# Converting to C.V PTO Shaft



## PaMike (Dec 7, 2013)

I have a Rhino batwing that uses just a traditional PTO drive shaft. I do quite a bit on tight quarters mowing and the PTO really knocks and carrys on. Can I just buy a C.V pto end to go on the shaft? Anyone ever do it? My gut says I could do it but the geometry may not be 100% equal angle and I may still get a little noise but it should be a good bit better.

Am I correct?


----------



## mike10 (May 29, 2011)

To give you a little more incentive, the use of a standard drive shaft on a large cutter can result in damage to the tractor. The speed up and slow down of the ujoints, knocking, places a high load on the pto system. Have seen more then one tractor where the internal pto drive shaft snapped when using a cutter without the cv pto. Replacing the complete pto shaft will probably not cost much more then just the front section. With the cv you do not need equal angles from the tractor to the machine since the cv does what the equal angle does.


----------



## BWfarms (Aug 3, 2015)

I have a CV PTO shaft on my Bush Hog, it's nice and never a sound heard.


----------



## Tx Jim (Jun 30, 2014)

Or you could engineer & install an equal angle hitch for probably less $$$$. In reality most CV joints are only good for a 80° turn. Did I state I dislike CV joints because they're heavy & very expensive.


----------



## BWfarms (Aug 3, 2015)

Tx Jim said:


> Or you could engineer & install an equal angle hitch for probably less $$$$. In reality most CV joints are only good for a 80° turn. Did I state I dislike CV joints because they're heavy & very expensive.


If you're at 90 degrees, there's tire rub


----------



## PaMike (Dec 7, 2013)

mike10 said:


> To give you a little more incentive, the use of a standard drive shaft on a large cutter can result in damage to the tractor.

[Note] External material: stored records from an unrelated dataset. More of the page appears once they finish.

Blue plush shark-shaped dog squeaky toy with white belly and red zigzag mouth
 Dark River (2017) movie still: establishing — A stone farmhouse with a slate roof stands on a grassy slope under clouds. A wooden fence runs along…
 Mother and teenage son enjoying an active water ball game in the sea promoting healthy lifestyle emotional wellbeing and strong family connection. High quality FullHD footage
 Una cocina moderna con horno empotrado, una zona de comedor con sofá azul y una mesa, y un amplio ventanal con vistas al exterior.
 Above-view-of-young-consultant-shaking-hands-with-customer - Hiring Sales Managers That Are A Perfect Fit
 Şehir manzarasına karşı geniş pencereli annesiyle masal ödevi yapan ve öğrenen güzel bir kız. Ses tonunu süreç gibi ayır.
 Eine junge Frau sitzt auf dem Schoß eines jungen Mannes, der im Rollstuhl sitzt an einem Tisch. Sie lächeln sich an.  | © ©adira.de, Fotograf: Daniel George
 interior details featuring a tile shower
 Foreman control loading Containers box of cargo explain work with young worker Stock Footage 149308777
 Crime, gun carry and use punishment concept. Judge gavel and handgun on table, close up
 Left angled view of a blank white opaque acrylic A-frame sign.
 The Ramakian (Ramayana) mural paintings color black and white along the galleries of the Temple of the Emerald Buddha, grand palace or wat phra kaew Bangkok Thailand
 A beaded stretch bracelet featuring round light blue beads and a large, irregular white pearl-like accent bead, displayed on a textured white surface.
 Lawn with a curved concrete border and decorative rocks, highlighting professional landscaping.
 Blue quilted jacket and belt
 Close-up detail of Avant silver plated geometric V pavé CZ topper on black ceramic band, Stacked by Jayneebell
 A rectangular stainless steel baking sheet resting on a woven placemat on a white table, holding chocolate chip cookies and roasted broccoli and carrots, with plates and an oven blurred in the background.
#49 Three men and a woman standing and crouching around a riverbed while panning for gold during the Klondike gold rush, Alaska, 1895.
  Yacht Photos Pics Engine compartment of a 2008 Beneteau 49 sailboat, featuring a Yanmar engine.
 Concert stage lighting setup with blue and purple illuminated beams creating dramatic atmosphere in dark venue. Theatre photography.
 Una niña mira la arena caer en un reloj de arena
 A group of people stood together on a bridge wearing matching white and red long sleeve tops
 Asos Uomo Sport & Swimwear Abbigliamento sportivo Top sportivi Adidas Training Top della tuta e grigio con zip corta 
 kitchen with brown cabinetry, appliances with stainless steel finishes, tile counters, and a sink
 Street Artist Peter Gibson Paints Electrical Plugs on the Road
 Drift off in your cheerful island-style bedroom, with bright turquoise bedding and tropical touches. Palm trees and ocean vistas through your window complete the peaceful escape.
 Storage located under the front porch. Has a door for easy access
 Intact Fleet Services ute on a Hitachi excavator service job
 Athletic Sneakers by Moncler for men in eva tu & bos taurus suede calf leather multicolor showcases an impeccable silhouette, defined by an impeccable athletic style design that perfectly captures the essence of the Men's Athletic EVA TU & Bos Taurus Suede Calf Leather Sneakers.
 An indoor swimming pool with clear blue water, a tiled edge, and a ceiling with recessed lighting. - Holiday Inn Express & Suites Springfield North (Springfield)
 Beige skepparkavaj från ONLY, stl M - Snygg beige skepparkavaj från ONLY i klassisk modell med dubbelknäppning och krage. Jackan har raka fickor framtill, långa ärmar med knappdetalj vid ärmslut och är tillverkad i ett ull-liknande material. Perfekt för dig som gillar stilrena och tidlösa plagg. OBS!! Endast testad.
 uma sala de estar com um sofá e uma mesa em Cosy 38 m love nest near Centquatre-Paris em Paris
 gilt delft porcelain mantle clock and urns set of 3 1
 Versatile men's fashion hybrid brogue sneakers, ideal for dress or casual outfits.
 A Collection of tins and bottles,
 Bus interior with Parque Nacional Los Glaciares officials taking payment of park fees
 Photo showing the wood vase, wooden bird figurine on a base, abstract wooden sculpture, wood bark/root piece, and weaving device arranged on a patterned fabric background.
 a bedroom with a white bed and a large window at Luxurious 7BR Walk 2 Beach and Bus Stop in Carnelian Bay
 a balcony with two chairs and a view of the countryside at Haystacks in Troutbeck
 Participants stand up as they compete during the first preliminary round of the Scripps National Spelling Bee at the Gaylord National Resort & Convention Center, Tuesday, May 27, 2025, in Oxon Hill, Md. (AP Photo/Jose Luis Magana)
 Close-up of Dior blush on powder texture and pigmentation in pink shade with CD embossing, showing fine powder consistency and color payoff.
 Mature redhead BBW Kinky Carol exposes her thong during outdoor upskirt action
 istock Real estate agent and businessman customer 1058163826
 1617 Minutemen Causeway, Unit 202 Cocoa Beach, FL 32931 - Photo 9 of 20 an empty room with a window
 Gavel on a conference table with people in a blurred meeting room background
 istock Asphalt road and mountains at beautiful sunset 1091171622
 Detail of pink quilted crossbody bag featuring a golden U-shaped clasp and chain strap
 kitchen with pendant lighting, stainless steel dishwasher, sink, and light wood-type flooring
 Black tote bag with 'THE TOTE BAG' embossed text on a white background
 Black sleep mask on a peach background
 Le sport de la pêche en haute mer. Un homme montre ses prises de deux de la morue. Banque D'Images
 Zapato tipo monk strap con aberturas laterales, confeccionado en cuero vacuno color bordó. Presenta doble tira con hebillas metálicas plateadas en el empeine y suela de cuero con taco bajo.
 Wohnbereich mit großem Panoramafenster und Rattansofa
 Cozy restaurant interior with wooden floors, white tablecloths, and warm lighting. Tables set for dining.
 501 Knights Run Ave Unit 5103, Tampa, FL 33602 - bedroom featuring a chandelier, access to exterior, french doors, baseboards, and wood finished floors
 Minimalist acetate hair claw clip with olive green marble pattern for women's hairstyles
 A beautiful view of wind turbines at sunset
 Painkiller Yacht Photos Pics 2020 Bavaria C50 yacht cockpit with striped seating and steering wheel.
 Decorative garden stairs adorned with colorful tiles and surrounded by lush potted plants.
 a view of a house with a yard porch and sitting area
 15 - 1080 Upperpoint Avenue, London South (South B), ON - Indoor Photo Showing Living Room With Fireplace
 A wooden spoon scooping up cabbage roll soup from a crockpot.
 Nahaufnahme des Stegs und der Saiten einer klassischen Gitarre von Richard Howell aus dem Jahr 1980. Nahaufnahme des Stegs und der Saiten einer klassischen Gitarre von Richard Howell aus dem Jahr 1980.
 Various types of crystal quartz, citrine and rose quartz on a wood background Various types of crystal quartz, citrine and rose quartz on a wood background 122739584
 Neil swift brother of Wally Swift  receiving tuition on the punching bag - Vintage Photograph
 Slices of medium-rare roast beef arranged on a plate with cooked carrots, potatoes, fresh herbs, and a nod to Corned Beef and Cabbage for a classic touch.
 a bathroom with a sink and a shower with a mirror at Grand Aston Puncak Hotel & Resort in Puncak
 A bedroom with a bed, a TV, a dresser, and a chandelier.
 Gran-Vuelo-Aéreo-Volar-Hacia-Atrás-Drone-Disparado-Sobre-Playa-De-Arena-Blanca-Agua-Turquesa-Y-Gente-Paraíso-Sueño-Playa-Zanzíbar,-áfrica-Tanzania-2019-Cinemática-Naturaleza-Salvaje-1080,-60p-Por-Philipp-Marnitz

The speed up and slow down of the ujoints, knocking, places a high load on the pto system. Have seen more then one tractor where the internal pto drive shaft snapped when using a cutter without the cv pto. Replacing the complete pto shaft will probably not cost much more then just the front section. With the cv you do not need equal angles from the tractor to the machine since the cv does what the equal angle does.


Yes, that's why I was considering it. I can hear the PTO shaft in the tractor knocking and making noise.

A CV pto is basically just 2 u joints that make an equal angle at the input so the rpm speed is uniform, but doesn't the rear ujoint still have a rotational speed change??

For an equal angle hitch to be designed how do you go about changing the hitch to get accomplish that?


----------



## mike10 (May 29, 2011)

For an equal angle pto to work, the distance from the end of the tractor pto shaft to the center of the hitch pin equals the distance from the center of the hitch pin to the end of the implement gearbox shaft. Ideally the pto shaft will be level, If the pto shaft is not level, then the angle at the tractor should equal the angle at the implement.

In the case of your mower, if it is 540, the distance from the end of the tractor pto shaft to the center of the pin hole in your drawbar is 14". If your mower is like most, then the distance from the gearbox input shaft to the hitch pin hole of the mower is closer to 24". You would need a drawbar extension of 10" for the equal angle setup.


----------



## glasswrongsize (Sep 15, 2015)

mike10 said:


> In the case of your mower, if it is 540, the distance from the end of the tractor pto shaft to the center of the pin hole in your drawbar is 14". If your mower is like most, then the distance from the gearbox input shaft to the hitch pin hole of the mower is closer to 24". You would need a drawbar extension of 10" for the equal angle setup.


Mike, I dang sure know better than to argue with your vast knowledge and I'm only trying to learn too, but...

If the PTO to pinhole is 14 and the pinhole to gearbox is 24. So, adding the two together, PTO to gearbox is 38; the middle of 38 is 19. To get from 14 to 19 would only be a 5" hitch extension?

With full respect, Mark


----------



## mike10 (May 29, 2011)

You would be right if you cut 5" off the mower hitch Since the gearbox shaft to the hitch pin hole is 24" you need 24" from the hitch pin hole to the tractor pto shaft. I know, it can get confusing.


----------



## glasswrongsize (Sep 15, 2015)

mike10 said:


> You would be right if you cut 5" off the mower hitch Since the gearbox shaft to the hitch pin hole is 24" you need 24" from the hitch pin hole to the tractor pto shaft. I know, it can get confusing.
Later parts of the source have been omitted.